Groupon’s meteoric rise is probably already a B-school case study.
The startup, with 30-year-old Andrew Mason at the helm, emails a whopping 70 million deal-of-the-day promotions to subscribers world-wide. The next stage, according to a company profile in Bloomberg Businessweek magazine: skipping email and going straight to users cellphones with Groupon Now, a new mobile app that offers deals based on time of day and the user's location at that moment.
It's a development that could define the near future of local commerce.
Mason is aiming for nothing less than to reinvent when and how we eat, shop and play. It’s a significant departure from the old Groupon’s deal-a-day model, offering users two buttons at the outset: "I'm hungry" and "I'm bored."
For consumers, both buttons bring up lists of time-specific daily deals, based on location. For businesses, owners can choose when to make those deals available, programming their promotions much like TV programmers schedule their networks.
"For merchants, the daily deal is like teeth whitening, and Groupon Now is like brushing your teeth. It can be an everyday thing to keep your business going," Mason tells Bloomberg Businessweek.

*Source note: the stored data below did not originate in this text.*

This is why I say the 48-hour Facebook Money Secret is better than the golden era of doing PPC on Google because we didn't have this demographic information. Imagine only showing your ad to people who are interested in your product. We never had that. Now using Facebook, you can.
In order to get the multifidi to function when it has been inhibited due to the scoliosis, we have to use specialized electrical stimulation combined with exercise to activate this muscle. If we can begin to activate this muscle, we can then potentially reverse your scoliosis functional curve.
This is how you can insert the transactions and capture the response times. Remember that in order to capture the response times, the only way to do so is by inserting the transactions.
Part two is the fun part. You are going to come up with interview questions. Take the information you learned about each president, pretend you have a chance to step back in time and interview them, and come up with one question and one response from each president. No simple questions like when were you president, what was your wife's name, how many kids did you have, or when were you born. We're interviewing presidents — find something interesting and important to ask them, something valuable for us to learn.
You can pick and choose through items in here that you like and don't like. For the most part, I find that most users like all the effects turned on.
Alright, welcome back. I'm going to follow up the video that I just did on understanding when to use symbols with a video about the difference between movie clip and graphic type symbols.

From a brand marketer's perspective, it helps creates buzz and excitement, using geotargeting and savvy timing — not to mention smarter allocation of resources including labor.
“We want people to think about Groupon every time they walk out the door," says Mason. "The company I admire most is Netflix. They have figured out a way to be successful and cannibalize their core business. Nothing is more romantic to me."

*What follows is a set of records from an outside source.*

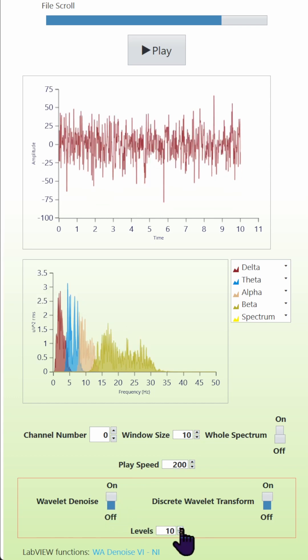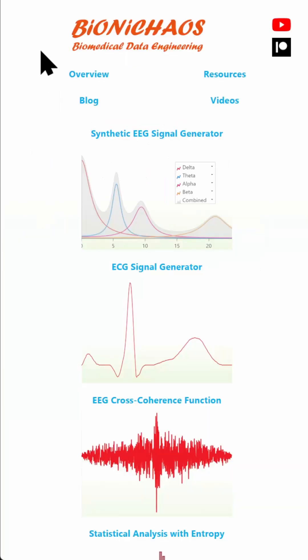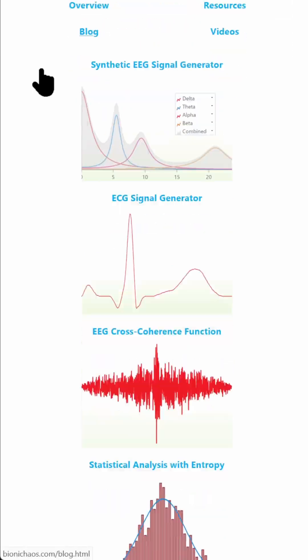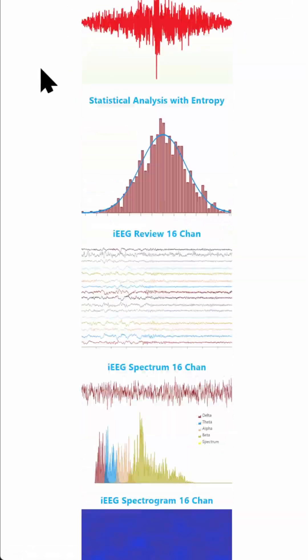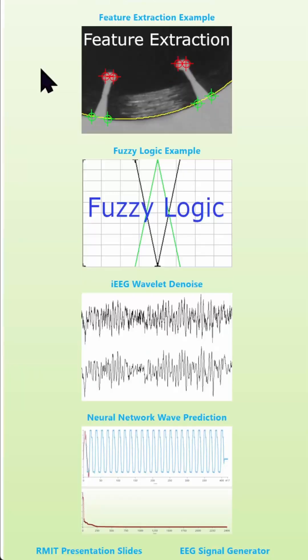One is the least aggressive. Beyond 10, it stops making any difference. So play around with it, let me know what you think. There are many useful algorithms on bionichaos.com—please go and try them out.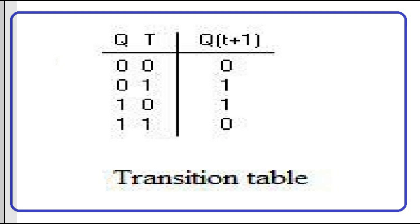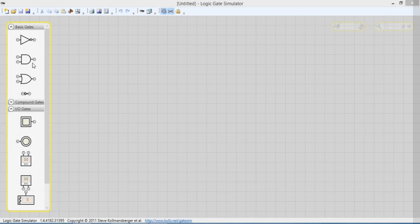Logic Diagram. Graphical Symbol. Transition Table. Logic Diagram.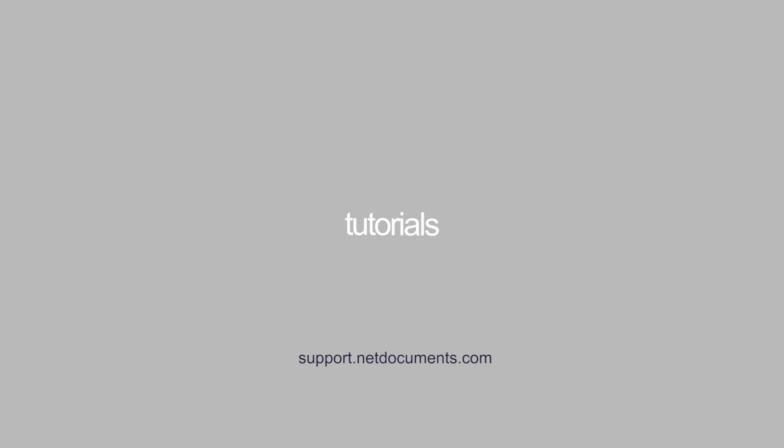Thank you for using NetDocuments. For more information and more tutorials, please visit support.netdocuments.com.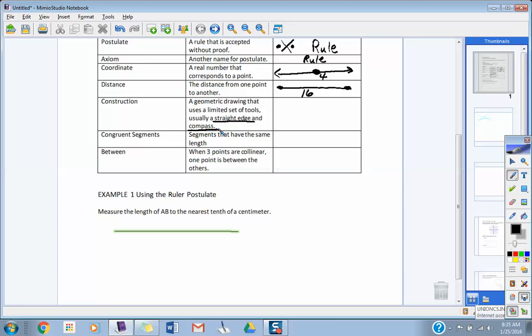Congruent segments. Segments that have the what? Segments that have the what? Same length. Same length. So, if this distance is 4 and this distance is 4, are those two segments, indeed, congruent or not? They're congruent because they're both the same length.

Business Insider suggests that Groupon could quickly scale up Groupon Now by creating an ad hoc ad network.
“Groupon could either offer specific deals — and dynamic, just-in-time ad creative — based on the user's location and time of day. Or it could make an attractive 'I'm Hungry' 'I'm Bored' button ad. The ads could direct people to a mobile web site or to Groupon's app, where users could complete their purchase. And then Groupon could give some money to the app publisher, as with any lead-gen affiliate relationship. If the deals are well-targeted, they could have high clickthrough or purchase rates, creating a hot ad unit.”
While the deals startup ramps up for an estimated $25 billion IPO after rejecting a $6 billion acquisition offer from Google, Mason and his team are still smarting from the flap created by its celeb-cause marketing-spoofing Super Bowl ads.
Now Mason is taking the blame for giving free rein to its now former agency Crispin Porter & Bogusky to create a buzz-generating Super Bowl campaign that would "be edgy, informative and entertaining, and we turned off the part of our brain where we should have made our own decisions. We learned that you can't rely on anyone else to control and maintain your own brand."
As it reconsiders how it works with agencies, Groupon is also facing stiffer competition. LivingSocial is prepping for a half billion dollars in funding while other daily-deal services such as start-ups Tippr, Bloomspot, Scoutmob, and BuyWithMe, and established digerati like Yelp, OpenTable, Google, Facebook, Yahoo! and Microsoft all look towards what’s next.
"Starbucks and eBay were standing still compared to what is happening with Groupon," says Starbucks CEO Howard Schultz, a Groupon investor and board member, to Businessweek. "I candidly haven't witnessed anything quite like this. They have cracked the code on a very significant opportunity."